- INFORMATION PROVIDED:
__________________________________________________

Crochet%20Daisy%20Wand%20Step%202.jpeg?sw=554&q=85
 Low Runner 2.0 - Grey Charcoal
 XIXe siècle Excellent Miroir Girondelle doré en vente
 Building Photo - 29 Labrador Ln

__________________________________________________

- WHAT IS NEEDED:
Please copy nothing but the lines from the one that holds "Low Runner 2.0 - Grey Charcoal" through the last line of the material above, exactly as written.

- THE COMPLETED TASK:
 Low Runner 2.0 - Grey Charcoal
 XIXe siècle Excellent Miroir Girondelle doré en vente
 Building Photo - 29 Labrador Ln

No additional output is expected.